A new office in state government was established today when Governor Dan Malloy filed an executive order with the Secretary of The State. The new office will be within the Office of Policy and Management and will be known as the Early Childhood Office.
According to the Governor Malloy, “Connecticut has one of the widest and most persistent achievement gaps in the nation”. The Governor also said, “Connecticut has spent billions of dollars over the years on early childhood programs, with limited success, because we lack a comprehensive early childhood system”.
The Governor, pointed out, “one in four Connecticut children enters Kindergarten without the knowledge and social skills needed to succeed”. The role of the new office will be to address this problem by planning for and developing a coordinated, comprehensive and aligned system of early care, education and child development.
Excuse me for asking but isn’t it the responsibility and role of a parent to care for their child?

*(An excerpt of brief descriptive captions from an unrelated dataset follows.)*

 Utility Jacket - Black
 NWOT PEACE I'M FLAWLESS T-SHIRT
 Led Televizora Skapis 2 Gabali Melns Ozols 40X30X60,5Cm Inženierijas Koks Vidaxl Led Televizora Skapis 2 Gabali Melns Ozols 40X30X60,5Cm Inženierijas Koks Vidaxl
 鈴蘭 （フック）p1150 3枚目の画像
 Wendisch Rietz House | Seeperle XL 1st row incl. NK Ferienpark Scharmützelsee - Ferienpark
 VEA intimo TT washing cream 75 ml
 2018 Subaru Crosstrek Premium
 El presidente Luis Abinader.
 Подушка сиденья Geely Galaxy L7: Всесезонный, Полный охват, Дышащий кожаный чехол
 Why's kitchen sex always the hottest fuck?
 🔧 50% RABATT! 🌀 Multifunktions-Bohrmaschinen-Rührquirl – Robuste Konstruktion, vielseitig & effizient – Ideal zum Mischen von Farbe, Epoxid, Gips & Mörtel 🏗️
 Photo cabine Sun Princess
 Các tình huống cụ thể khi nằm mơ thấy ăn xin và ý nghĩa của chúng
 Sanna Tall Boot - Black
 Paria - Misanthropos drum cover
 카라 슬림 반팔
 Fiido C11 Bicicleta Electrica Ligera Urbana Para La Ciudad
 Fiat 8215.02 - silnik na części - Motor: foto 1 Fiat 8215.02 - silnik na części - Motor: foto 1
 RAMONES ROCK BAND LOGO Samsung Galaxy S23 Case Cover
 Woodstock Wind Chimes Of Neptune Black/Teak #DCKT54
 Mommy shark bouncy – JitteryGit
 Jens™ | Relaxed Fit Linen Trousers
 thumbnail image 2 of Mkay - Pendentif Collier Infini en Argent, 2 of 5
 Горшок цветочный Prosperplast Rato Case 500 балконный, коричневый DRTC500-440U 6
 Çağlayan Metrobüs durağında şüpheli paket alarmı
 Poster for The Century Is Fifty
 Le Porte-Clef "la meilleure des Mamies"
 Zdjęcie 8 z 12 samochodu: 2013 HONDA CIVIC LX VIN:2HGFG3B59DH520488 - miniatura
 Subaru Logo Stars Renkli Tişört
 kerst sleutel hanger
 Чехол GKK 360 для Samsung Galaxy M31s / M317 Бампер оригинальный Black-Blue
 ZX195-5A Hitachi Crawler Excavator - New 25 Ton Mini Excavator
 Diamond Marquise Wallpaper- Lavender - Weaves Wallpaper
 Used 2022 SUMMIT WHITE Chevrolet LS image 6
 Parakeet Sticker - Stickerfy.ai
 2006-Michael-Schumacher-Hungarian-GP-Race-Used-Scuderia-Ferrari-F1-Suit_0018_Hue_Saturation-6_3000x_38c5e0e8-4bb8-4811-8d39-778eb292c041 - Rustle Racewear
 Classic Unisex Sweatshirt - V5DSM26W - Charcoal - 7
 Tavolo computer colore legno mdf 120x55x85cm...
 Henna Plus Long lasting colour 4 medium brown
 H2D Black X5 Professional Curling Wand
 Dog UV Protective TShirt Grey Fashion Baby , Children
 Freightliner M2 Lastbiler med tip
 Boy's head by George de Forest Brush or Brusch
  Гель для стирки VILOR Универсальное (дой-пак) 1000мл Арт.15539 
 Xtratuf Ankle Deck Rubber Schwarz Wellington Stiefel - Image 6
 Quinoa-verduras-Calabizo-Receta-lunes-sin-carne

Do we really want the State to take over that responsibility? Well it is coming rather you want it or not. Under Public Act 11-181 the creation of a coordinated system of early care and education and child development must be completed by July 1, 2013.
It is safe to say, that many expect preschool programs and all day kindergarten to be on the table as a mandated requirement in the near future. This seems to be the direction the State is headed. Local municipalities should be aware that any programs they start or have in place could be impacted when the system report is completed in 2013.
It’s disturbing to hear the Governor now admit the billions we spent in the past had limited success. It is particularly troubling when we have been told over the years how wonderful these programs were and why they needed to renew funding. Sometimes you have to wonder if it really is all about the children or more about funding for jobs and maintaining positions.
Let’s hope this time things work out a bit better. It is worth another attempt, but the State should not take on the responsibility of parents in early child care. Perhaps it would be better to include parenting as part of the health curriculum we teach in our schools. Maybe that could close the “achievement gap” if young people understood caring for children as well as they understand the sexuality of having them.